YOUR OBJECTIVE — The expected answer is the data below, printed verbatim without its pictures.

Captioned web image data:
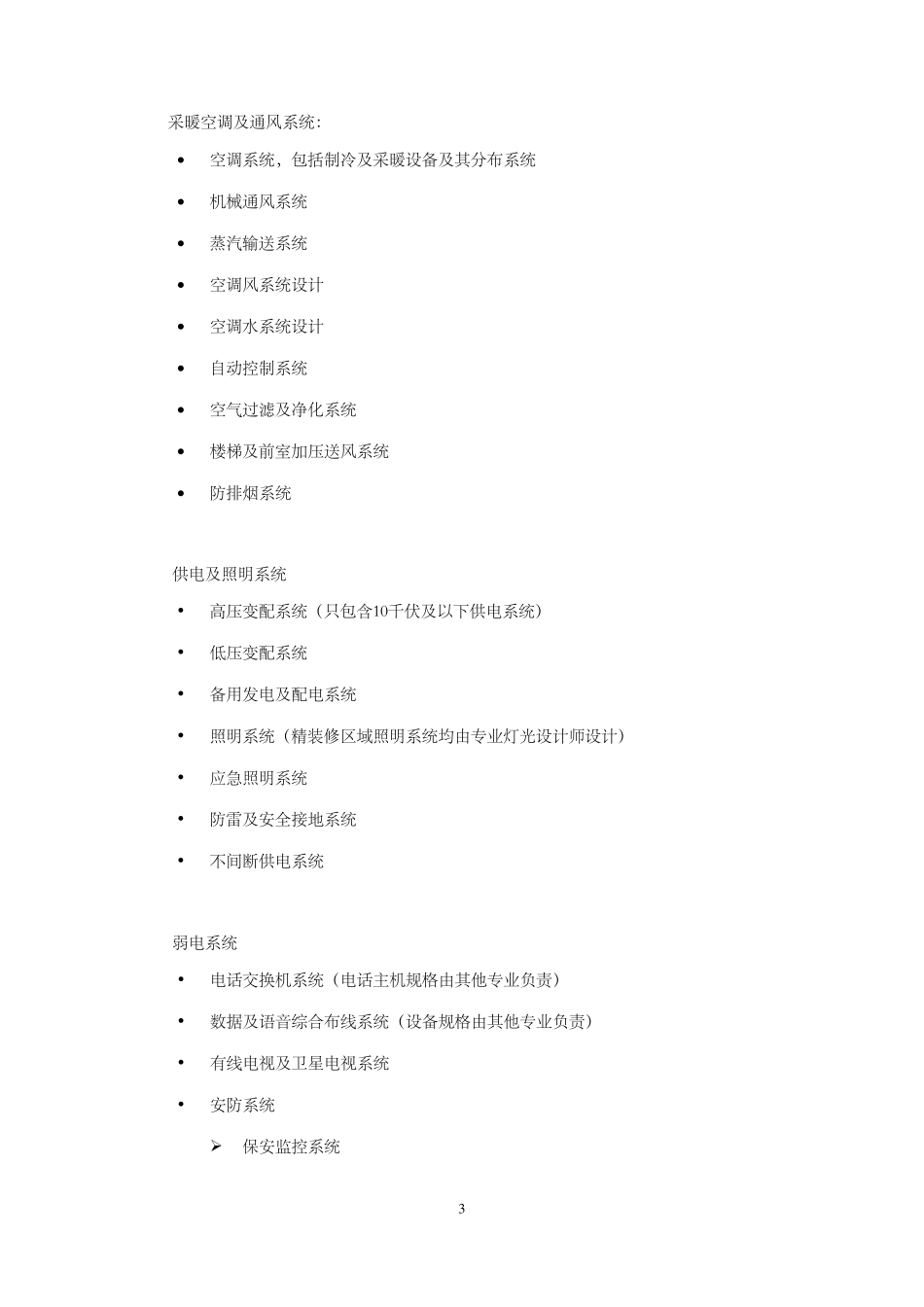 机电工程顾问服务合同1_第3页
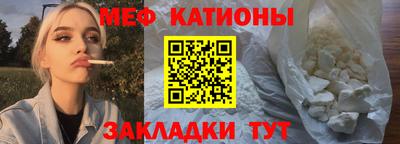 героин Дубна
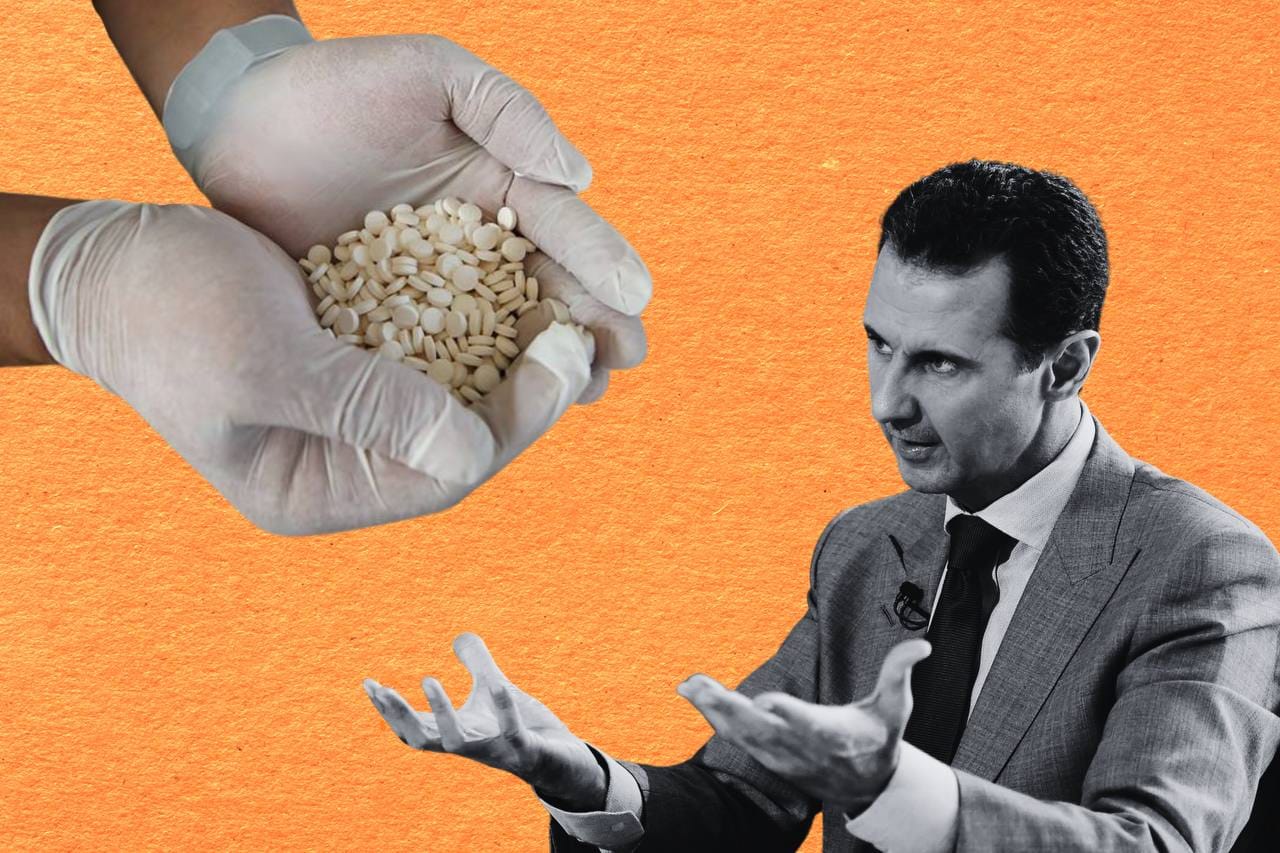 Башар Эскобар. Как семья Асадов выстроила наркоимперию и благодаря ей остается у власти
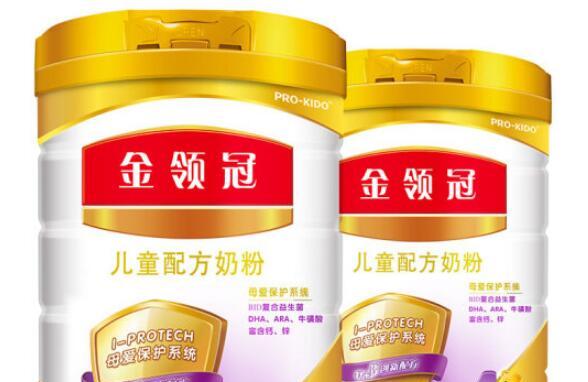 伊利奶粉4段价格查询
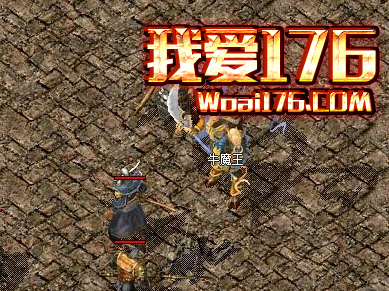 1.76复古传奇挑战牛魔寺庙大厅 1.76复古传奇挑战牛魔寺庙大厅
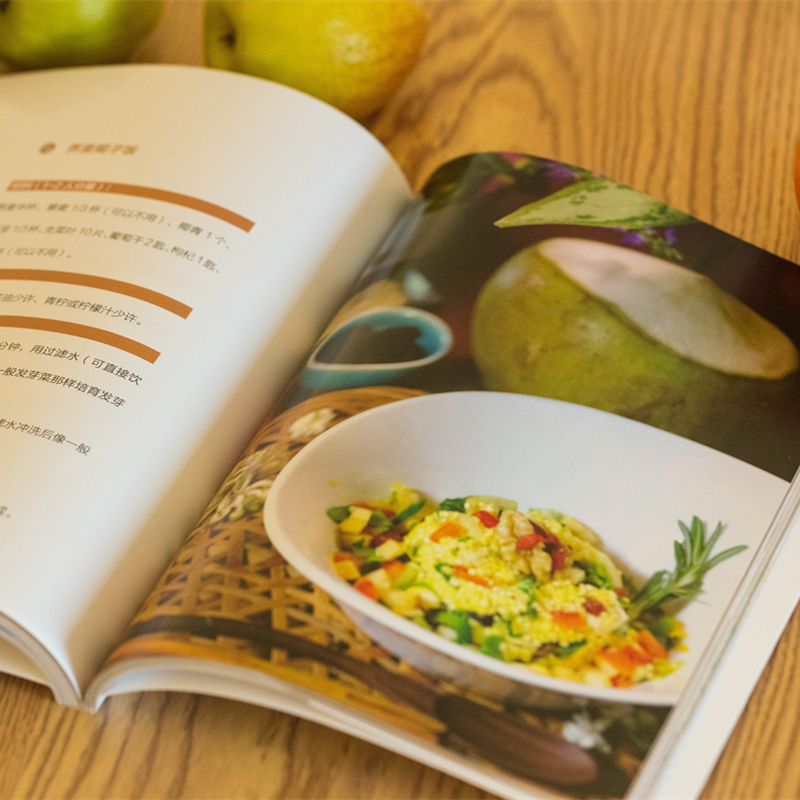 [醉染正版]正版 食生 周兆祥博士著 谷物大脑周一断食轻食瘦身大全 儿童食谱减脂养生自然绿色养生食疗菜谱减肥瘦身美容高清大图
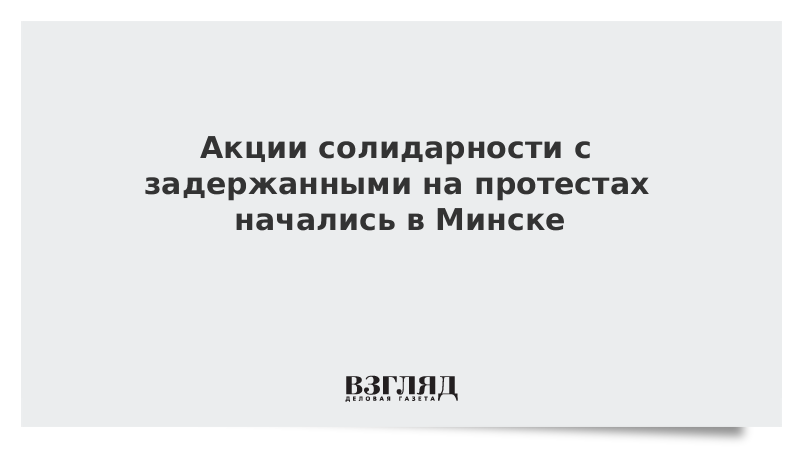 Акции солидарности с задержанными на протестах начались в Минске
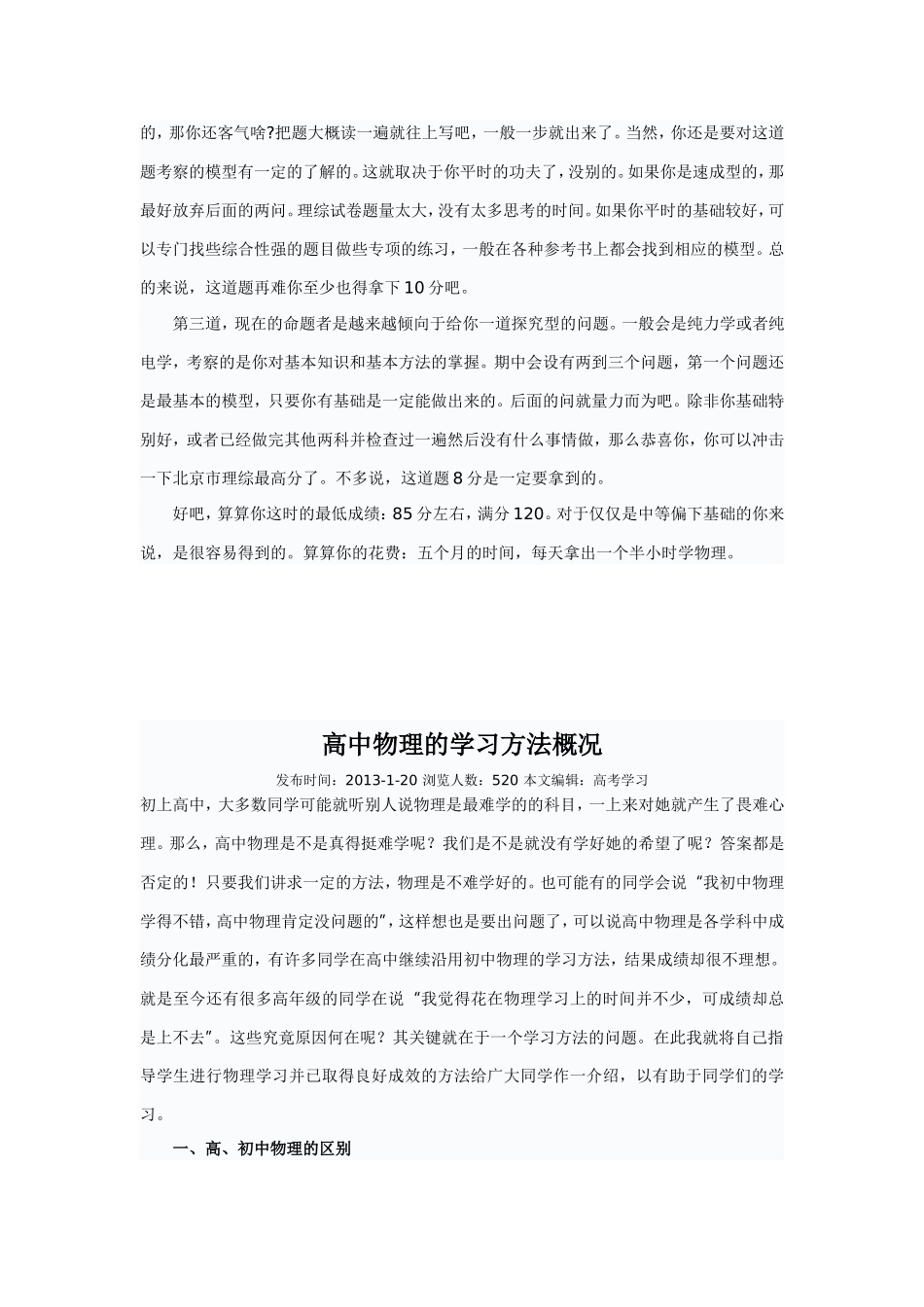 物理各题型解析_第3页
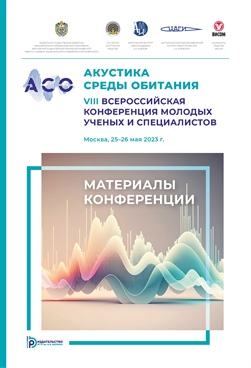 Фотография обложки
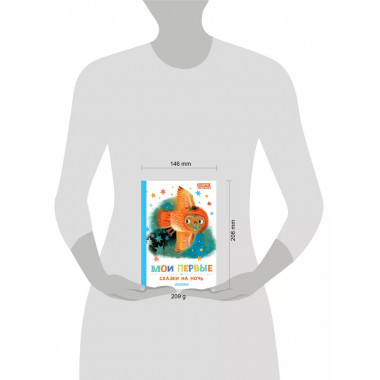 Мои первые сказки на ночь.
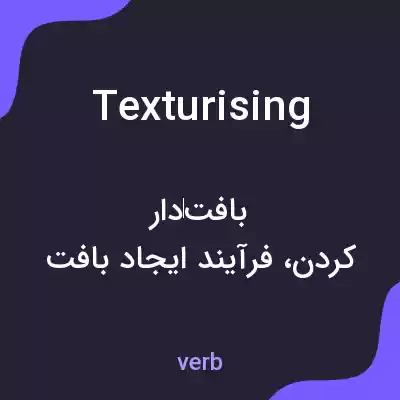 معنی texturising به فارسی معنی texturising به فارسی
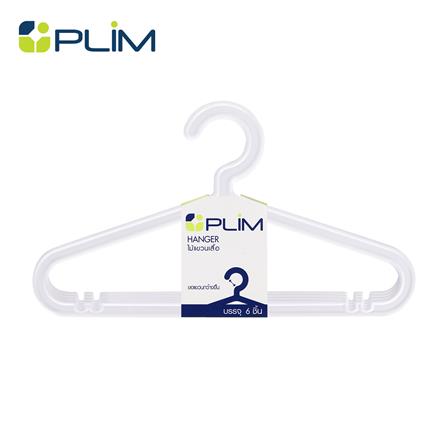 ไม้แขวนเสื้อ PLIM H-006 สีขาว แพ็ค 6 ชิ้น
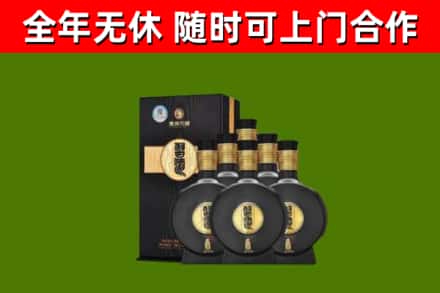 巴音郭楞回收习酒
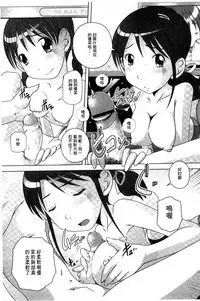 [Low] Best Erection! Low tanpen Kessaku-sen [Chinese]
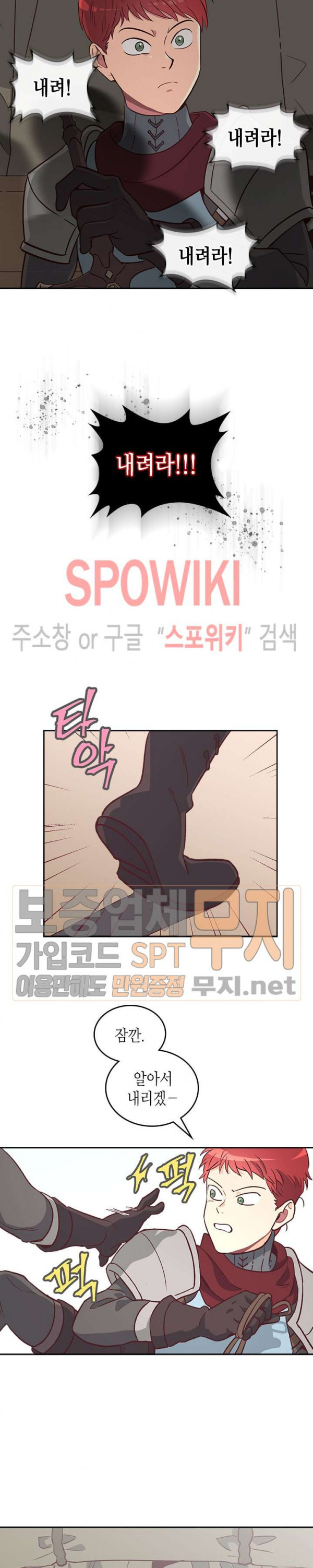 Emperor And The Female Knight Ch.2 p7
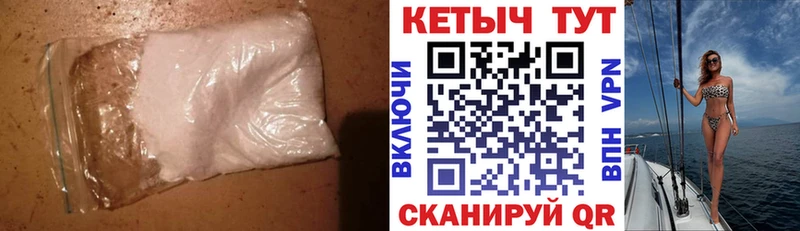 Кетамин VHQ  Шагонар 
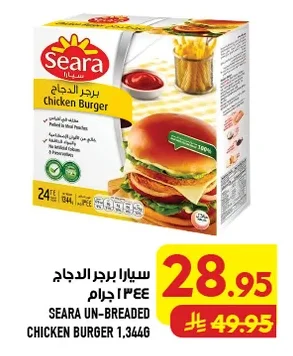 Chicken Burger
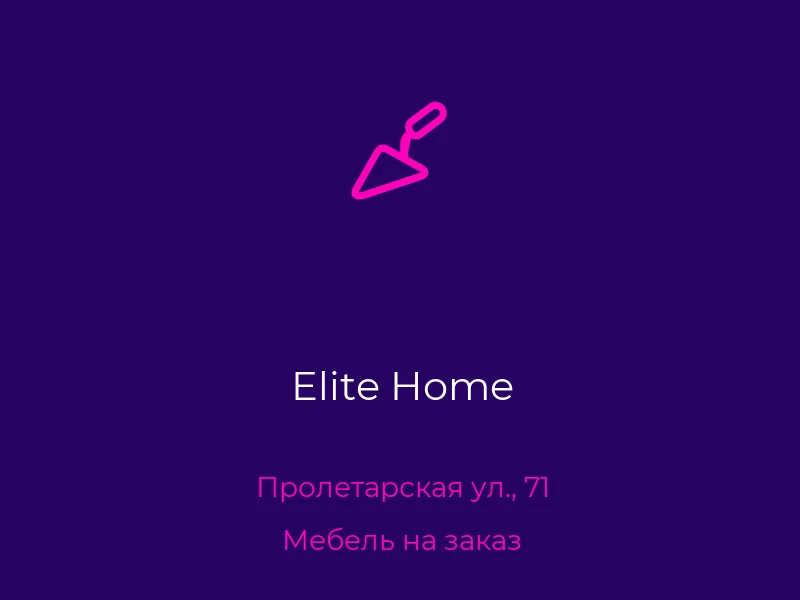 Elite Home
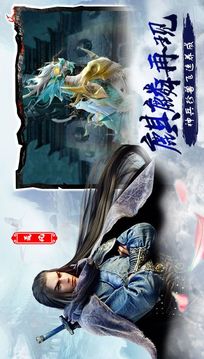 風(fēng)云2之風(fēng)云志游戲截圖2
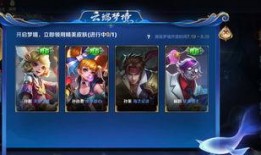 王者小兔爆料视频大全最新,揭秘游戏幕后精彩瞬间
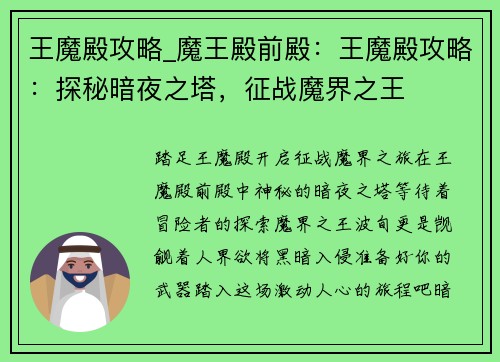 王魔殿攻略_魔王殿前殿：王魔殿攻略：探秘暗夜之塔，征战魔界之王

SOLUTION TO THIS PROBLEM —
 机电工程顾问服务合同1_第3页
 героин Дубна
 Башар Эскобар. Как семья Асадов выстроила наркоимперию и благодаря ей остается у власти
 伊利奶粉4段价格查询
 1.76复古传奇挑战牛魔寺庙大厅 1.76复古传奇挑战牛魔寺庙大厅
 [醉染正版]正版 食生 周兆祥博士著 谷物大脑周一断食轻食瘦身大全 儿童食谱减脂养生自然绿色养生食疗菜谱减肥瘦身美容高清大图
 Акции солидарности с задержанными на протестах начались в Минске
 物理各题型解析_第3页
 Фотография обложки
 Мои первые сказки на ночь.
 معنی texturising به فارسی معنی texturising به فارسی
 ไม้แขวนเสื้อ PLIM H-006 สีขาว แพ็ค 6 ชิ้น
 巴音郭楞回收习酒
 [Low] Best Erection! Low tanpen Kessaku-sen [Chinese]
 Emperor And The Female Knight Ch.2 p7
 Кетамин VHQ  Шагонар 
 Chicken Burger
 Elite Home
 風(fēng)云2之風(fēng)云志游戲截圖2
 王者小兔爆料视频大全最新,揭秘游戏幕后精彩瞬间
 王魔殿攻略_魔王殿前殿：王魔殿攻略：探秘暗夜之塔，征战魔界之王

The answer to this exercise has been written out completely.